Friday, December 07, 2012

6th December 2012, Main Ingredient's MENU - Our new On Line Shop, Christmas food, Crayfish Thermidor, Bargaining,Diemersdal, Winex Select, CTICC Food, Bubbles in Franschhoek, Winter's Drift


MENU
Main Ingredient’s weekly E-Journal
Gourmet Foods, Ingredients & Fine Wines
Eat In Guide’s Outstanding Outlet Award Winner from 2006 to 2010
+27 21 439 3169 / +27 83 229 1172
Evening view from Cape Point Vineyards to Noordhoek and Kommetjie, with tree
In this week’s MENU:
*       Main Ingredient's new On Line Shop
*       This week’s Product menu   
*       Our market activities - new Cape Point Vineyards Market
*       What to eat for Christmas
*       Crayfish Thermidor
*       Bargaining in markets
*       Lunch in the stables at Diemersdal
*       Winex Select
*       Food at CTICC
*       The Magic of Bubbles, Franschhoek
*       Winter's Drift at Elgin station
*       Wine and Food Events in 2012 & 2013
*       Wine courses & cooking classes
To take a look at our Main Ingredient blogs, follow the link: http://adamastorbacchus.blogspot.com/ because to tell our whole story here would take too much space and you can also read earlier blogs. We are constantly surprised at how many of the older blogs are still being read. Google Analytics tells us how many people are reading them and where they are. There is something special about seeing that our ramblings are being read in China or South Korea. Readers in Europe, The UK and North America are a good percentage, but the surprise always comes from the countries outside our normal reach. Click on underlined and Bold words in the text of this edition to open links to pictures, blogs, pertinent websites or more information. Follow us on Twitter: @mainingmenu
Main Ingredient's new On Line Shop     Our big news this week is that, at last, we have a proper on-line shop. John has spent a couple of days photographing products so that you can see the products we sell. The front page has a selection of product groups. Click on one that interests you and it will open to show you all the products in that group. Click on a product and you can add it to your "bag". If you want something else, click on "continue shopping". Do the same for every product you need. When you've done, click on Checkout. Our software is American, so you will need to agree to the terms & conditions. You will need to fill in your details on the form that appears and email it to us. Do not pay until we have confirmed availability and invoiced you.  Click here to see the shop.
This week’s Product menu    Marrons glacé are selling well and we have boosted our stock of the strong French Fallot mustards. We have a range of wicked French patés, especially for our French customers who must have them for their Christmas celebrations.

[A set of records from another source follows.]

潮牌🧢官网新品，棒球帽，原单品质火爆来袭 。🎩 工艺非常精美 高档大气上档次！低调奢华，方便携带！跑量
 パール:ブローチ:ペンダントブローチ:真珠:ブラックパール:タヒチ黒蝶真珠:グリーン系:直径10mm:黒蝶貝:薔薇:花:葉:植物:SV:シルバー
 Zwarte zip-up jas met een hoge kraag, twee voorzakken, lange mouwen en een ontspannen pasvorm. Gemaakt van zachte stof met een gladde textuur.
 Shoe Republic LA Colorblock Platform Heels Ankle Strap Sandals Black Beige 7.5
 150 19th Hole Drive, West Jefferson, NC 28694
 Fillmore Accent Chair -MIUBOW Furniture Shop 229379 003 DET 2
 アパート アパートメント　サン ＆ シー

Fresh truffles are still available to special order. We need to know your requirement as soon as possible after you receive this, so that we can quote you and receive your payment in time to send your order to the supplier. Burgundy is the most affordable and orders must be in multiples of 50 grams. The truffles will be airfreighted. We can source white truffles from Alba and black truffles from Perigord but the price is significantly higher. Send us a message if you wish to order.
Christmas cometh whatever we may do....     Lynne has been baking her individual Christmas cakes and Christmas puddings this week. Send her a message if you’d like to place an order.
We have a lot of fun putting MENU together each week and, of course, doing the things we write about, but making it possible for you to enjoy rare and wonderful gourmet foods is what drives our business. We stock a good range of ingredients and delicious ready-made gourmet foods. You can contact us by email or phone, or through our website. We can send your requirements to you anywhere in South Africa.
Our market activities  Come and visit us at the Old Biscuit Mill’s wonderfully exciting, atmospheric Neighbourgoods Market, as always, this Saturday and every Saturday between 09h00 and 14h00. Tip: Some visitors tell us how they struggle to find parking. It’s quite easy if you know how. Click here for a map which shows where we park.
Cape Point Vineyards Market in Noordhoek is where we were this evening from 4.30 till 8.30 pm and we'll be there again next Wednesday evening. Come and buy some Christmas gifts, enjoy some of their stunning wines and have a picnic while you watch the sun go down.
We will be back at Long Beach Mall tomorrow, Friday 7th from 09h00 to 16h00. We look forward to seeing you there. Please note that this will be our only day there in December, so that will be the only December day for Christmas shopping at the Long Beach market if you live in the “deep South”, but you will find us every Thursday apart from next week) at Cape Point Vineyards, with beautiful views over Noordhoek.
What to eat for Christmas      The food channels are bombarding us, with all the top chefs cooking a perfect Christmas meal and then using up the leftovers. However, they are mostly showing traditional northern cold weather food and our Christmas day is usually quite hot, even though the chances of it raining on the day in Cape Town are high (no explanation for this but often it is a relief from the heat). There is nothing worse than being overfed in the heat. So we have had lots of request from people for ideas of what to serve in Southern climes. It is difficult and, while we like to do some of the traditional things like Christmas pudding and duck fat potatoes, we steer away from turkey and just serve things we absolutely love and which we don’t eat often, because they are rare, expensive or out of season. Things like crayfish, duck, deliriously rich patés, prawns and scallops. We once did a huge duck salad using a tin of Duck Confit and put on all sorts of lovely extra things like mango and avocado slices, asparagus and artichokes. Evening eating is essential and the debate this year is whether we serve a chestnut stuffing with our duck – or not. Definitely a cold seafood starter for us. Good luck with your own planning.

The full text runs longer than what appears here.